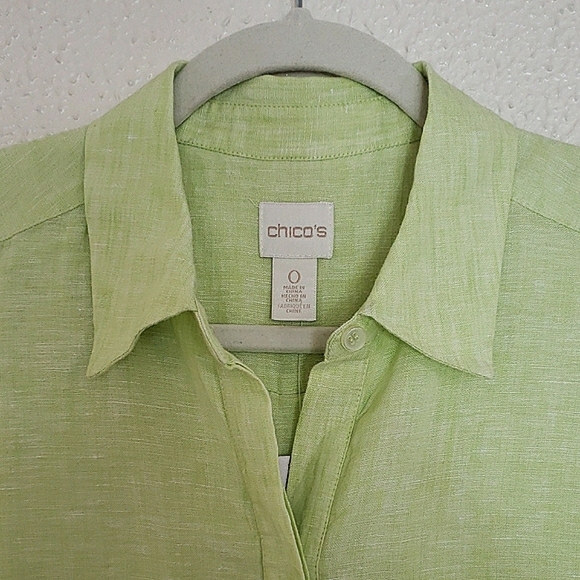 NWT Chico's Lime Green Sleeveless Tunic Top Button Up Linen Organic Lagenlook - Picture 4 of 15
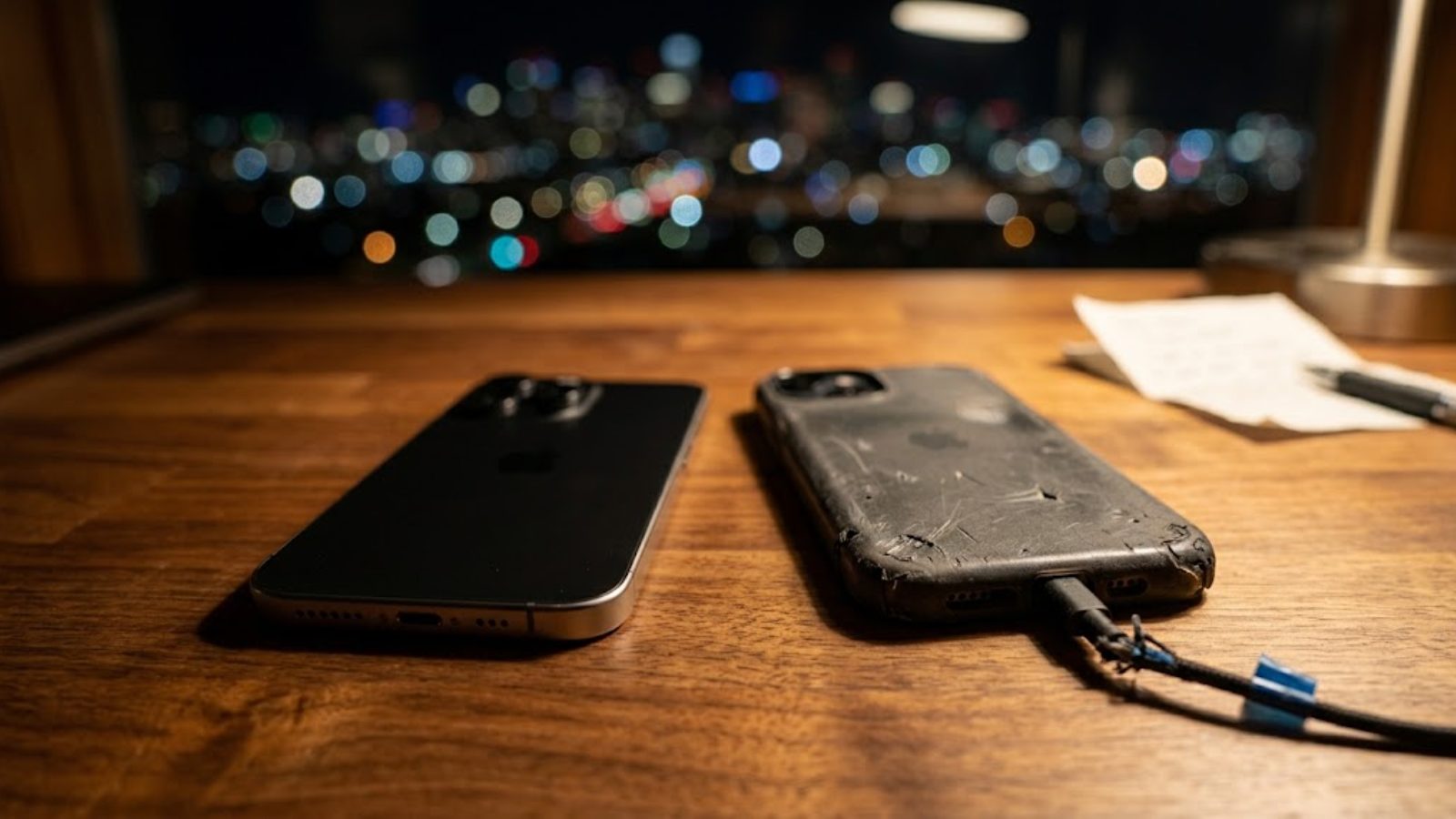 A new phone and a scuffed old one side by side on a wooden desk at night, a charging cable between them.
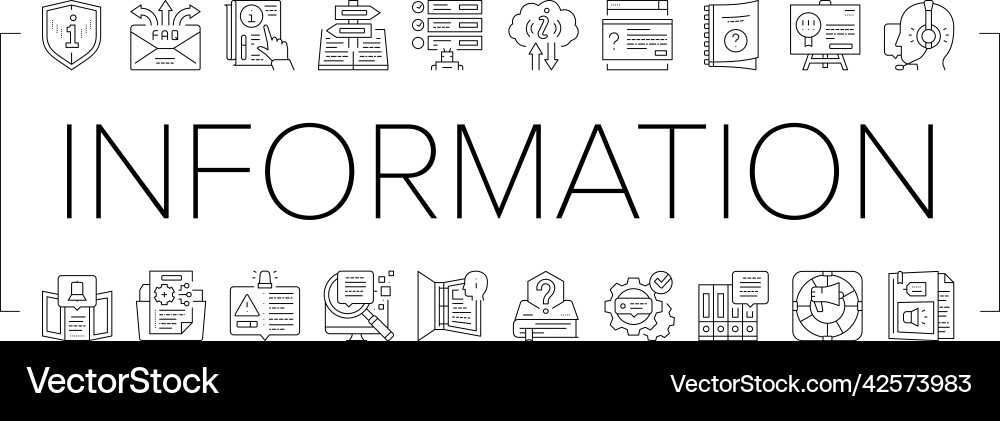 Information and client supporting icons set Information and client supporting icons set vector image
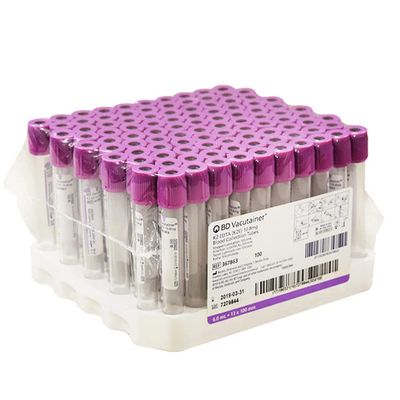 Vacuum Blood Collection Tubes, 6 mL K2EDTA, Glass, Purple Cap, 100-Pack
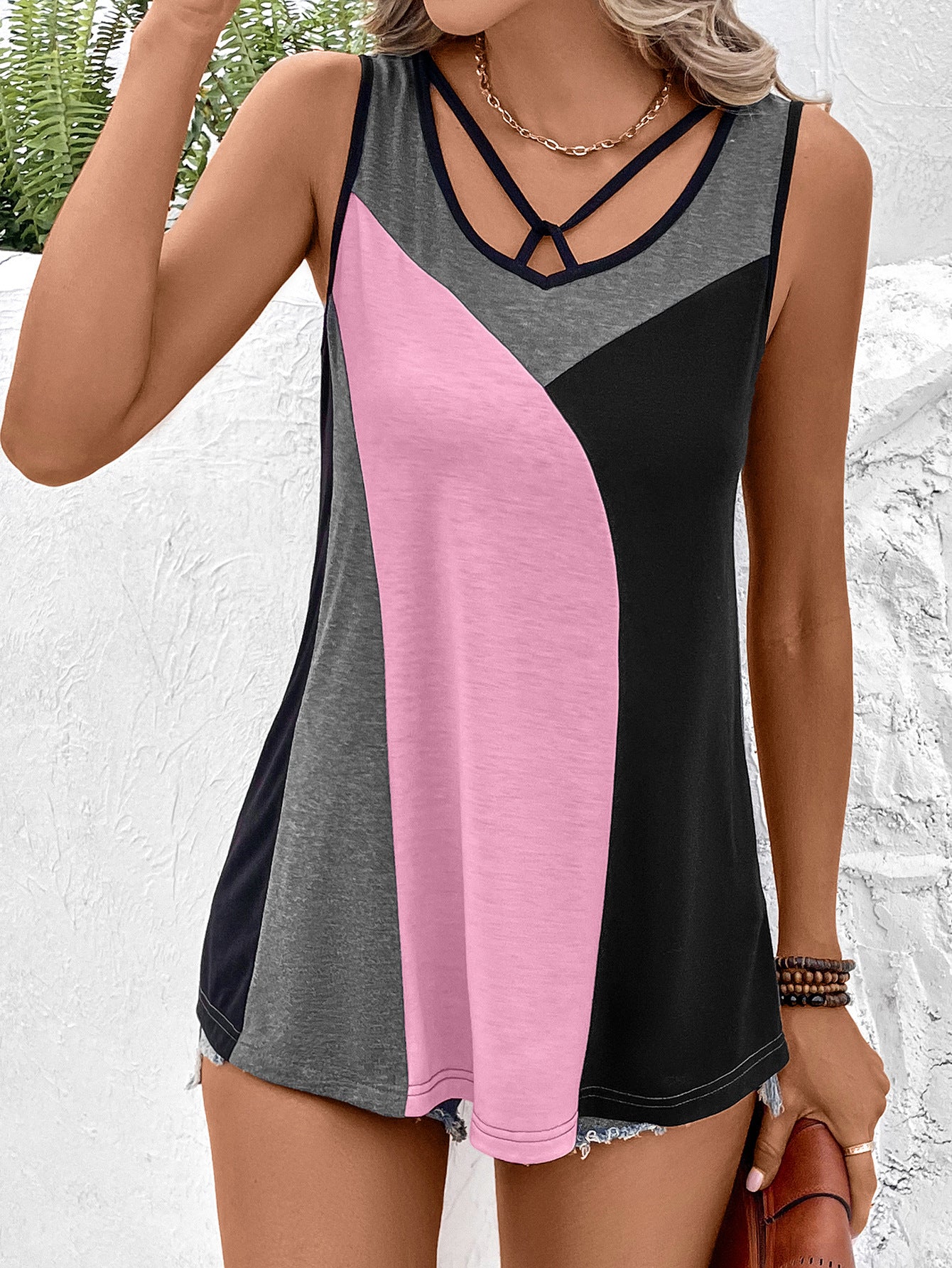 Color Block Tank Top-Angel Casuals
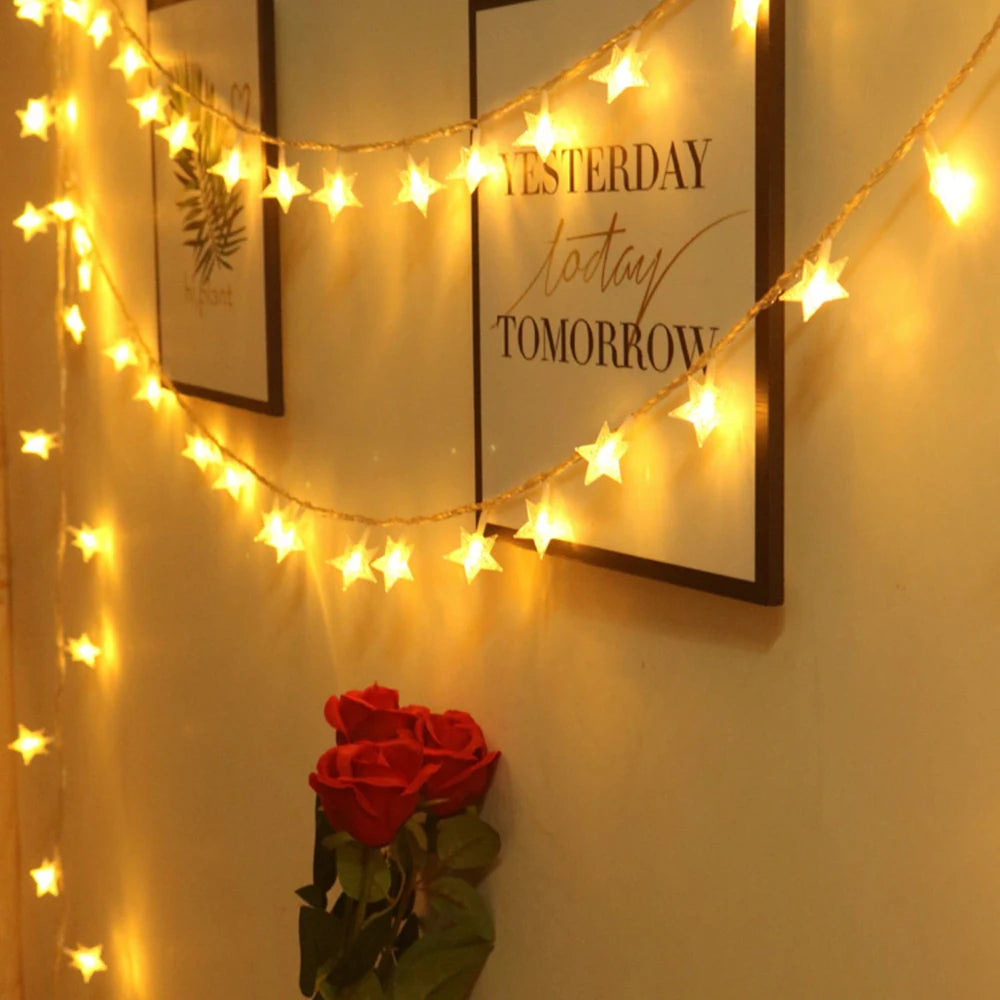 Guirnalda de luces LED para exteriores, cadena de luces con forma de estrella, luces de hadas, luces para fiestas, hogar, boda, jardín, decoración navideña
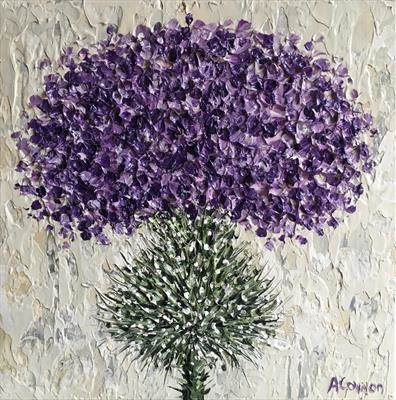 Purple Thistle on Ivory by Alison Cowan, Painting, Acrylic on canvas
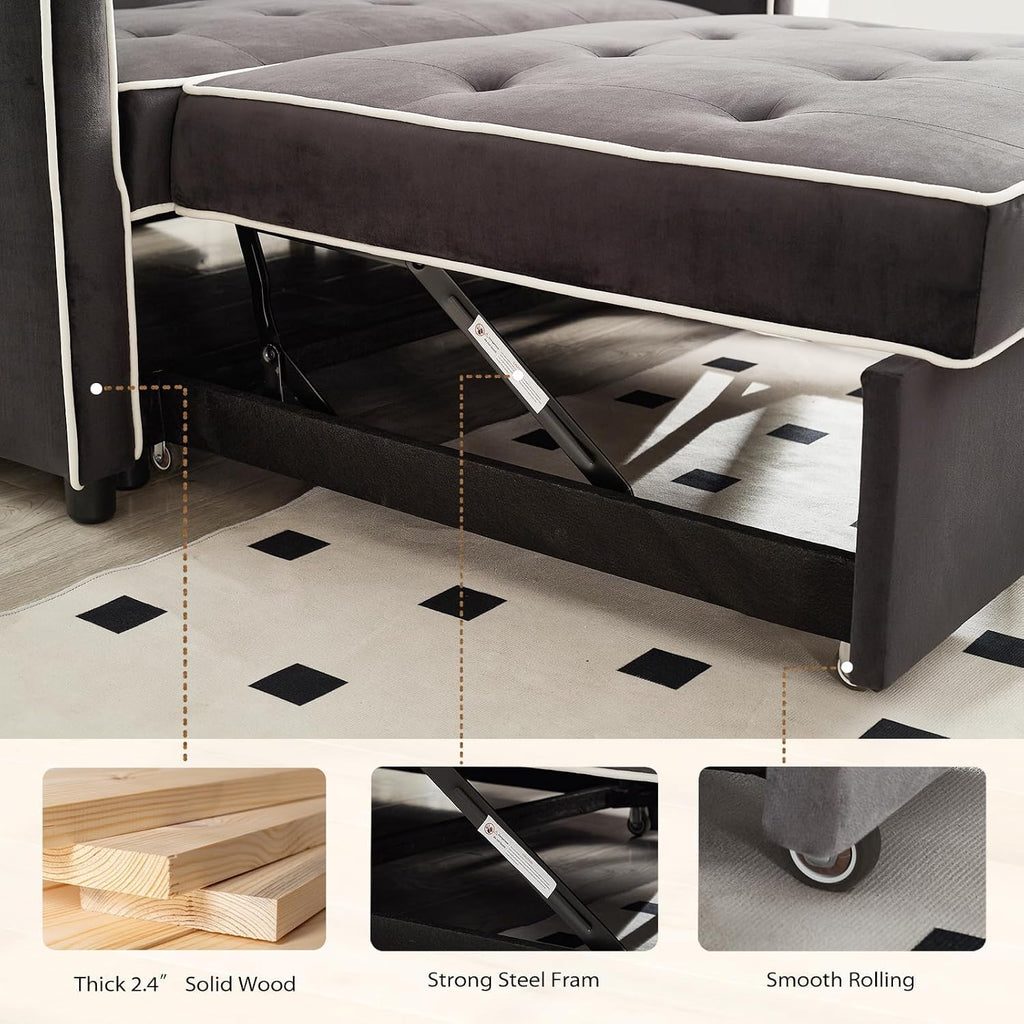 3 in 1 Convertible Sleeper Sofa Bed, Small Couch for Living Room Bedroom with Pullout Bed Adjustable Backrest,Velvet,Loveseat Sofa Bed,Futon Couches (Black)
-*-
__What to work on__: The copy must match the listing above exactly but contain no pictures.

__Reply__:
 NWT Chico's Lime Green Sleeveless Tunic Top Button Up Linen Organic Lagenlook - Picture 4 of 15
 A new phone and a scuffed old one side by side on a wooden desk at night, a charging cable between them.
 Information and client supporting icons set Information and client supporting icons set vector image
 Vacuum Blood Collection Tubes, 6 mL K2EDTA, Glass, Purple Cap, 100-Pack
 Color Block Tank Top-Angel Casuals
 Guirnalda de luces LED para exteriores, cadena de luces con forma de estrella, luces de hadas, luces para fiestas, hogar, boda, jardín, decoración navideña
 Purple Thistle on Ivory by Alison Cowan, Painting, Acrylic on canvas
 3 in 1 Convertible Sleeper Sofa Bed, Small Couch for Living Room Bedroom with Pullout Bed Adjustable Backrest,Velvet,Loveseat Sofa Bed,Futon Couches (Black)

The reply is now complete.